- [Activity]: Practice item. Set the material below down again exactly, with no pictures.
BEGIN Provided data
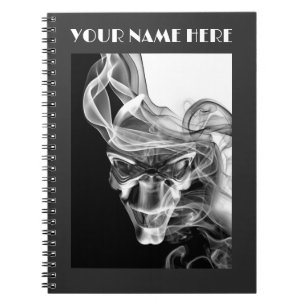 Cuaderno Diseño de criatura espeluznante de fantasía. Perso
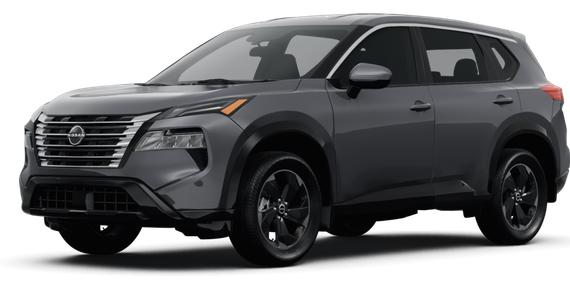 NISSAN ROGUE 2024 5N1BT3BB2RC680460 image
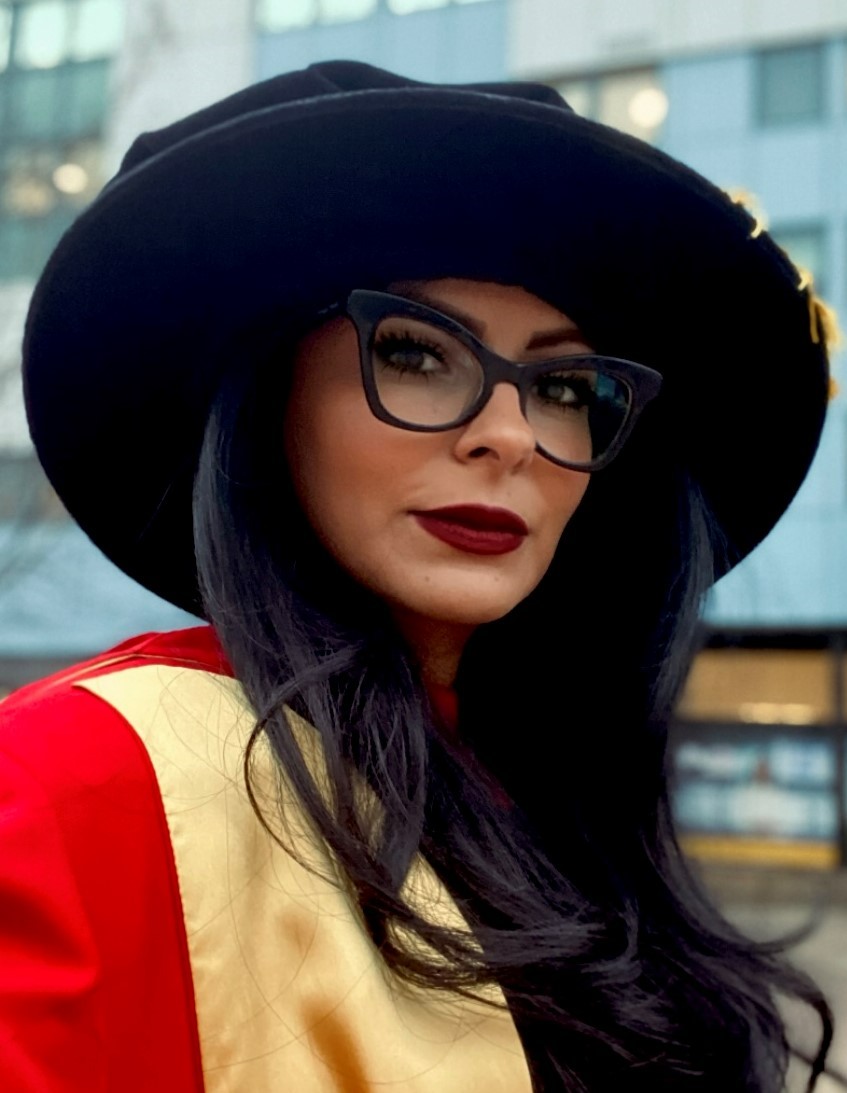 Dr. Parisa Naeem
END Provided data
- [Response box]:
 Cuaderno Diseño de criatura espeluznante de fantasía. Perso
 NISSAN ROGUE 2024 5N1BT3BB2RC680460 image
 Dr. Parisa Naeem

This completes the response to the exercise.